In a report published on Feb. 6, CME Group said it disagrees with the market consensus that natural gas prices will remain much lower than oil prices for at least five years. “Our perspective … is that structural change in the natural gas market is re-setting conditions in a way such that the energy price spread between natural gas and crude oil may close faster than expected,” the analysis states. “If natural gas and crude oil come more directly into competition with each other as sources of energy for end-users, then the energy price gap might be closed in a matter of years.

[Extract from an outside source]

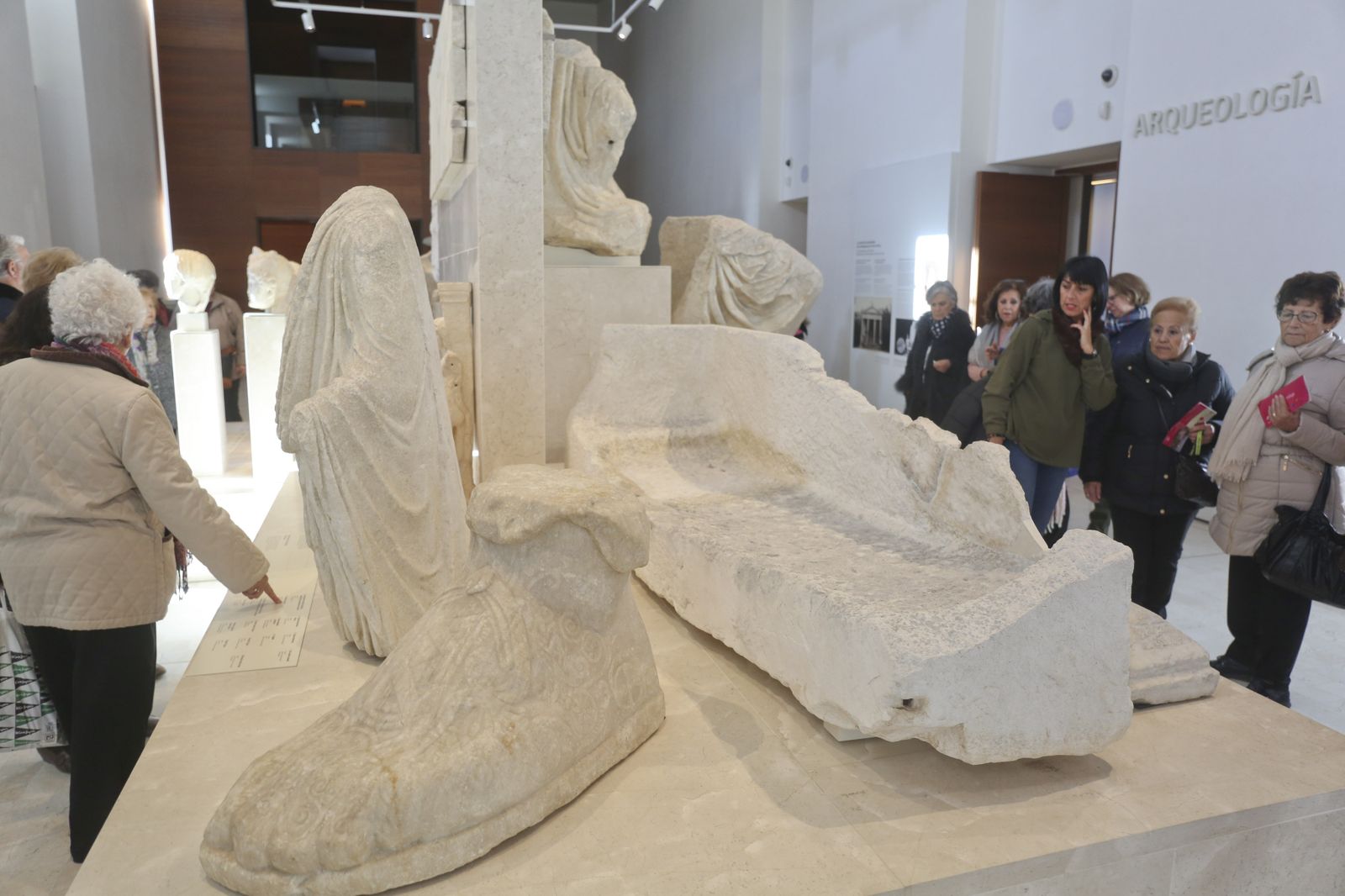 Varias personas observan piezas arqueológicas en el Museo de Málaga.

CME Group points to the transportation sector as the key area where oil and natural gas will be competing on price sooner than many observers realize. “Long dominated by oil and related refined products, natural gas is now moving into the transportation space,” the analysis states. “It is this area of potential direct competition in the transportation sector which we think has the most potential to shrink the price spread between the two energy sources in a more rapid manner than many market participants currently appreciate.”

CME says that investments in natural gas for transportation have been robust. “As of 2012, 1 in 5 new transit buses in the U.S. were natural gas fuelled. The viability of mass natural gas passenger vehicle growth requires a network of CNG filling stations – which may be a long way off. But then again – it might not be so far off. Shell recently announced 100 LNG fuelling stations, and Clean Energy Fuels Corp. built 150 new LNG fuelling stations in 2012/2013.

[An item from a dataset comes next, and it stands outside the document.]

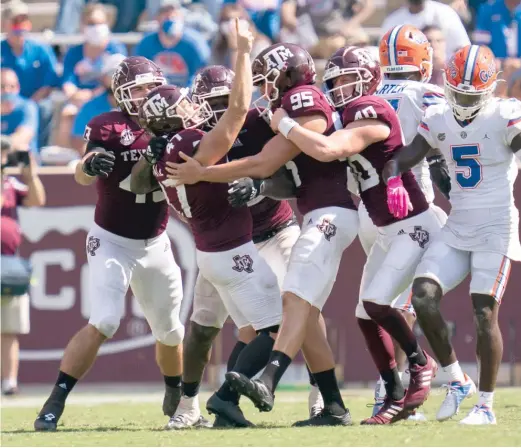 ?? SAM CRAFT/AP ?? Texas A&M kicker Seth Small (47) is mobbed by teammates after making the winning field goal as time expired to beat Florida on Saturday.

“The [U.S. Energy Information Administration] estimates that between 2011 and 2040, natural gas usage in transportation will grow at an annual rate of 12% per year. We think this may represent a large underestimate of the growth rate and potential for natural gas to cause a major shake-up within the transportation sector. In 2013 alone, four large companies rolled out new 12-liter LNG engines – which are ideal for heavy duty 18 wheeler trucks.”

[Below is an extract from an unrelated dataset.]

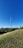 A tall communication tower rises prominently against a clear blue sky, surrounded by lush green trees and grass in the foreground. In the distance, modern architectural structures are visible, including a stadium-like construction and several buildings. The scene conveys a balance between nature and urban development.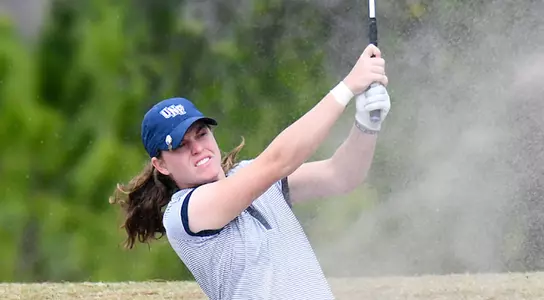 Courtney Cobb hits shot from sand bunker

 CME sees other examples of natural gas taking hold in the shipping and railroad sectors. Natural gas exports could also help speed a price convergence, according to CME. “Consider how the variability of global and domestic gas prices would be affected by U.S. natural gas exports if untethered from current export restrictions, given that natural gas prices are about three times higher in Europe and even higher in Japan, compared to the U.S.”

“Our base case scenario is that the energy price spread between WTI crude oil and U.S. natural gas will narrow much faster than the official energy agencies or futures markets currently suggest,” the report states. “There may be a lack of appreciation of the large investments in new and expanded uses of natural gas that are in progress but have not yet reached fruition. That is, considerable money and brain power is already being spent to develop natural gas in the transportation sector, although the results are only starting to become visible.

“As the direct competition actually materializes and can be seen by everyone in the energy use data, market perceptions may start to change. Even if natural gas just increases its share of energy use for transportation from 3% to the 7% to 10% range over the next five years, that could translate into a dramatically faster closing of the energy price gap than the consensus now suggests.”